» What to produce:
Repeat, exactly as written, the lines of the records below from the first through the line with "Luxx Nails &", but none past it.

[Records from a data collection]
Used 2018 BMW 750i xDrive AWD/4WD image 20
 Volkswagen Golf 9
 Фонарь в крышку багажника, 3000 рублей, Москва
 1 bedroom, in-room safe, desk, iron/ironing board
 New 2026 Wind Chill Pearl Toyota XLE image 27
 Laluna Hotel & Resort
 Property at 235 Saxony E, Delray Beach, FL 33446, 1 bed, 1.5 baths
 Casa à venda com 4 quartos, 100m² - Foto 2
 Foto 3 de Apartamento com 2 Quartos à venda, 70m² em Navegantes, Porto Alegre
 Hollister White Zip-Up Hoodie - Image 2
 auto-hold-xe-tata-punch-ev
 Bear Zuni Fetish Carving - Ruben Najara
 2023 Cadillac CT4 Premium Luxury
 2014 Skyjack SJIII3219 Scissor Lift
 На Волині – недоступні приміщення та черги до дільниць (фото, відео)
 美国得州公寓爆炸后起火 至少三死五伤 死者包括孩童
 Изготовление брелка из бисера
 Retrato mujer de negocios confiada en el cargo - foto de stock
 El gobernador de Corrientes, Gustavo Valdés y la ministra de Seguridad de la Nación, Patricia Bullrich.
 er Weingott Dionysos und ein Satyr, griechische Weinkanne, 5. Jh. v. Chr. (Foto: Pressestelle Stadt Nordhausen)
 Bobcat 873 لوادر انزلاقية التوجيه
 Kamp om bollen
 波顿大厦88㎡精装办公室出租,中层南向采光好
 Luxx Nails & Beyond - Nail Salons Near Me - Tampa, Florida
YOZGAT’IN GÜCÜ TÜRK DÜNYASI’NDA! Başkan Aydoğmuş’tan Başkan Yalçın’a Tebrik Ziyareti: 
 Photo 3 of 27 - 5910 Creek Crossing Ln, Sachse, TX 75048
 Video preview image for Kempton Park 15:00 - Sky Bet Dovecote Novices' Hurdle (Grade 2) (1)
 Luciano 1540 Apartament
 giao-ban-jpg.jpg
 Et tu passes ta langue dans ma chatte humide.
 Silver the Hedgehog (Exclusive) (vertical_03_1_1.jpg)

» Output:
Used 2018 BMW 750i xDrive AWD/4WD image 20
 Volkswagen Golf 9
 Фонарь в крышку багажника, 3000 рублей, Москва
 1 bedroom, in-room safe, desk, iron/ironing board
 New 2026 Wind Chill Pearl Toyota XLE image 27
 Laluna Hotel & Resort
 Property at 235 Saxony E, Delray Beach, FL 33446, 1 bed, 1.5 baths
 Casa à venda com 4 quartos, 100m² - Foto 2
 Foto 3 de Apartamento com 2 Quartos à venda, 70m² em Navegantes, Porto Alegre
 Hollister White Zip-Up Hoodie - Image 2
 auto-hold-xe-tata-punch-ev
 Bear Zuni Fetish Carving - Ruben Najara
 2023 Cadillac CT4 Premium Luxury
 2014 Skyjack SJIII3219 Scissor Lift
 На Волині – недоступні приміщення та черги до дільниць (фото, відео)
 美国得州公寓爆炸后起火 至少三死五伤 死者包括孩童
 Изготовление брелка из бисера
 Retrato mujer de negocios confiada en el cargo - foto de stock
 El gobernador de Corrientes, Gustavo Valdés y la ministra de Seguridad de la Nación, Patricia Bullrich.
 er Weingott Dionysos und ein Satyr, griechische Weinkanne, 5. Jh. v. Chr. (Foto: Pressestelle Stadt Nordhausen)
 Bobcat 873 لوادر انزلاقية التوجيه
 Kamp om bollen
 波顿大厦88㎡精装办公室出租,中层南向采光好
 Luxx Nails & Beyond - Nail Salons Near Me - Tampa, Florida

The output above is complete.